Si, è vero, ma qui è finita la prima
parte, diligente, della presente mia lettera. E vengo alla conclusione che,
essendo perfettamente logica, è anche sconvolgente.
Nel meccanismo
(Palazzo, Paese, Nuovo Potere) che ti ho descritto, intervengono anche altre
forze: il PSI, il PCI, che da tale meccanica sarebbero libere. E sarebbero
libere precisamente perché la loro interpretazione della realtà dovrebbe essere
culturale e non pragmatica: politicizzando il tutto, se ne dovrebbe vedere
l’insieme: e quindi il principio: per cui si potrebbe, appunto, ricomincare.
Perché allora sia il PSI che il PCI sospendono ogni forma, sia pur timida,
di interpretazione dell’Insieme, adeguandosi anch’essi alla regola prima cui si
attengono tutti gli osservatori politici italiani, di ogni classe e partito, la
regola cioè di intervenire solo fenomeno per fenomeno?
Le ipotesi
sono due:
I) Il PSI e il PCI non possiedono più una interpretazione culturale della realtà, essendosi ormai identificati, nel pragma e nel buon senso, con la DC: accettazione dello Sviluppo, con quanto di democratico, tollerante, progressista esso (falsamente, io sostengo) comporta. In tale ipotesi valgono certamente le pazzesche sollecitazioni, che si levano ormai da ogni parte, alla DC di «imparare» qualcosa dal PCI, specie nel suo rapporto reale con le masse. Ed effettivamente in tal caso il PCI avrebbe qualcosa da insegnare alla DC, qualcosa di indubbiamente fondamentale: l’onestà.

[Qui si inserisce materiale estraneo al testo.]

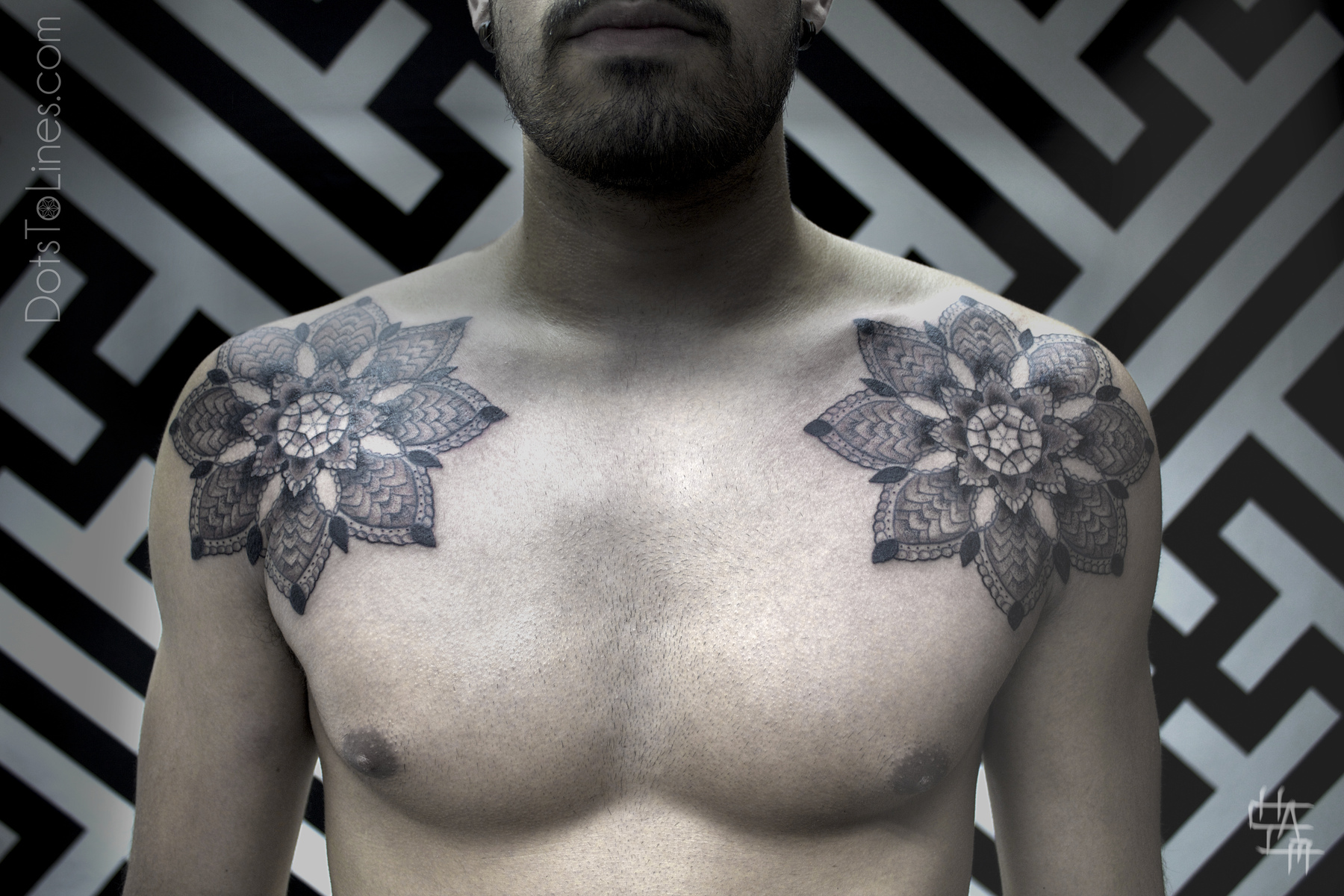 netloid_berlin-based-israeli-tattoo-artist-chaim-machlev-makes-complex-line-based-works-that-weave-across-the-skin7.jpg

II) Il PSI e il PCI possiedono invece, ancora, la loro visione ormai classica di interpretazione «altra» della realtà, ma non ne fanno uso. E non ne fanno uso perché, se ne facessero uso, essi dovrebbero ricorrere, logicamente, a soluzioni estreme.
E quali sarebbero queste soluzioni estreme?
Forse quelle
degli estremisti?
Non proprio:
ciò non rientrerebbe nel metodo, ormai ben stabilizzato, del PSI e specialmente del PCI: tali soluzioni estreme si manterrebbero nell’ambito della Costituzione e del parlamentarismo: anzi, sarebbero - secondo uno stile semmai di carattere radicale - l’esaltazione della Costituzione e del parlamentarismo.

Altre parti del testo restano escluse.